Efficient red-emitting carbon dots and albumin composites for precise synovial bioimaging in rheumatoid arthritis

Abstract

Rheumatoid arthritis (RA) is a chronic autoimmune disorder that frequently leads to significant disabilities and requires complex therapeutic strategies. Early detection and accurate monitoring of synovial lesions are crucial for effective treatment; however, the development of targeted imaging probes remains a significant challenge.

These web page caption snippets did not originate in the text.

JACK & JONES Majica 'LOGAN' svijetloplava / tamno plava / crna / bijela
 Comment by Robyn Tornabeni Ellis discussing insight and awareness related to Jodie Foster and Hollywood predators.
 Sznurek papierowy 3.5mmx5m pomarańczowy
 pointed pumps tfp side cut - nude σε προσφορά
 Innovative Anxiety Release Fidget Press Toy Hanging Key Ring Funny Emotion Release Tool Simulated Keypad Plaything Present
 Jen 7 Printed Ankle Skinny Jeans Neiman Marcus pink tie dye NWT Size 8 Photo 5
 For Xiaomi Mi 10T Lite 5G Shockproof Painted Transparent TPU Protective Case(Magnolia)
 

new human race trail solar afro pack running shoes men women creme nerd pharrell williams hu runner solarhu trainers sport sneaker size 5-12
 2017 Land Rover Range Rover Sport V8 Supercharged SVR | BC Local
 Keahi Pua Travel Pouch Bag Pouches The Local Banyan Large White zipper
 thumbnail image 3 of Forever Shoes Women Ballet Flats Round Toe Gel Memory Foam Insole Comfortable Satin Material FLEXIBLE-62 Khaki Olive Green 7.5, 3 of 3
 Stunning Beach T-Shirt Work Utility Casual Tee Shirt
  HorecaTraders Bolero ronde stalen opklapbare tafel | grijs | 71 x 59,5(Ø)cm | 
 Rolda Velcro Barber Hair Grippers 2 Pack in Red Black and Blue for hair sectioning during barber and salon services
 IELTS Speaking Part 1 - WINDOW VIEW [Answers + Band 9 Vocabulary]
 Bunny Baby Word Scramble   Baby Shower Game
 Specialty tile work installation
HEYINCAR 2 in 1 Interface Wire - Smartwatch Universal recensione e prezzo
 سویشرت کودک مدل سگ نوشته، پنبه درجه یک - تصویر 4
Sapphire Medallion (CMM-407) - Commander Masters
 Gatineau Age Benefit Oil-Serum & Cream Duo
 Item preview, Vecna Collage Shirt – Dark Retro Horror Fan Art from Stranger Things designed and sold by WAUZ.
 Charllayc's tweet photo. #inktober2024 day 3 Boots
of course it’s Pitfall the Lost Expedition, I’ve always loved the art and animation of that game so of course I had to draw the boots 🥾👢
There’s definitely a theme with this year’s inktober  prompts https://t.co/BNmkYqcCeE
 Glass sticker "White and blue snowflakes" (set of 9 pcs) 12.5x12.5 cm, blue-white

Secreted protein acidic and rich in cysteine (SPARC) is overexpressed in the synovium and the concentration of serum albumin is lower in RA patients. Inspired by this, we developed a novel bioimaging strategy for monitoring RA progression by constructing a 100 nm red-fluorescent nanoprobe (CDs@BSA) through electrostatic conjugation of carbon dots (CDs) with bovine serum albumin (BSA). The interaction between BSA and SPARC facilitates precise targeting of RA lesion sites, improving imaging accuracy. The probe demonstrated rapid imaging capabilities, with signal initiation within 1 h and sustained for at least 24 h, enabling the real-time monitoring of disease progression. This work introduces a straightforward approach for designing diagnostic probes using carbon-based nanomaterials, emphasizing their potential for high-resolution, synovial-targeted photoluminescence imaging in RA.